0250子どもの権利条約総論

 

 

164国会 衆特別委 第4回(526日)

○保坂(展)委員 社民党の保坂展人です。
 きょうは麻生外務大臣に、外交日程、お疲れのところでございましょうけれども、お越しいただきました。
 国連改革の柱として、国連人権委員会を廃止して、新たに国連人権理事会が生まれました。いよいよ六月中旬にはジュネーブで初会合が開かれると聞いております。日本が理事会のメンバー国になり、そして人権を柱にして国際社会で活動する、こういうことになると思いますが、今回提案の政府案に、人権や人権教育の言葉がなぜかありません。
 二〇〇四年二月二十六日の国連子どもの権利委員会の最終見解、これはたくさんの指摘があるんですが、この二十七をちょっと紹介しますと、児童の意見の尊重に関し、締結国、我が国が改善に向けて努力している点に留意しながらも、委員会は、依然として、児童に対する社会の旧来の態度によって、彼らの意見の尊重が、家庭、学校、その他の施設、そして社会全体において制限されている点について懸念をする。これは九八年の勧告でもこういったことが書かれています。
 そこで、麻生大臣にまず伺いたいんですが、麻生大臣はこの教育基本法についてはいろいろ御意見を以前からお持ちだろうと思います。今、先ほど紹介したように、国際社会の中で人権を大いに広げていくという立場に日本政府が立とうとするときに、六十年ぶりの大改正。

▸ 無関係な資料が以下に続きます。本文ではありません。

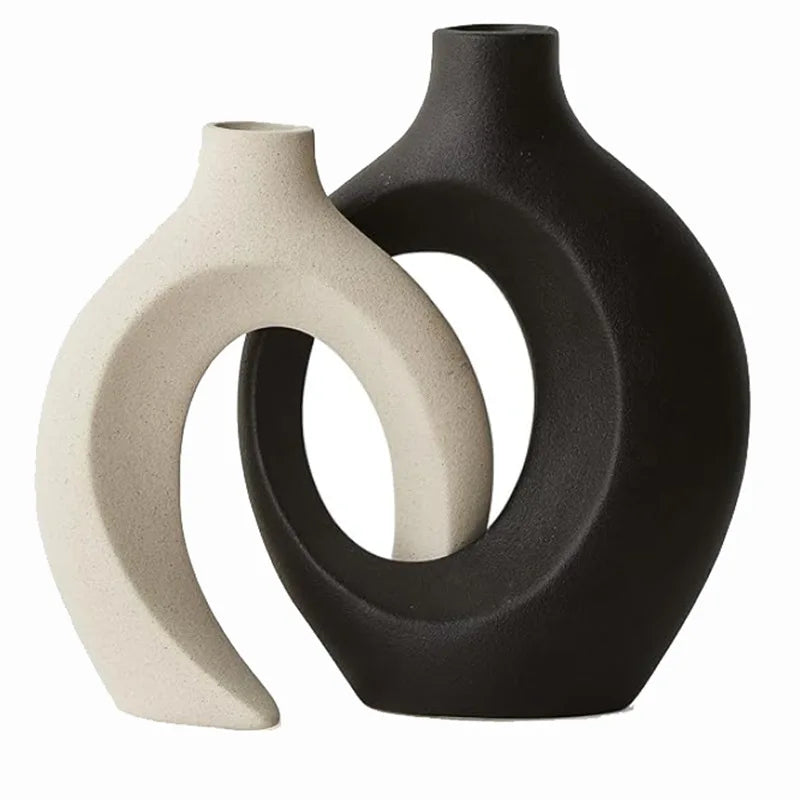Vaso de cerâmica vazado, 2 para decoração moderna de casa, vaso estilo donut boho, vaso decorativo minimalista preto e branco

私たちはこの基本法を変えなくていいんじゃないかという立場ですが、しかし、よしんば変えるのであれば、十二年前に我が国が批准した子どもの権利条約の精神、一言で言えば子供が権利主体であるという精神なんですが、この子どもの権利条約との兼ね合いにおいて、今私が申し上げた、今回提出の法案に人権ないし人権教育の文言がないということについて、まず所感をお述べいただきたいと思います。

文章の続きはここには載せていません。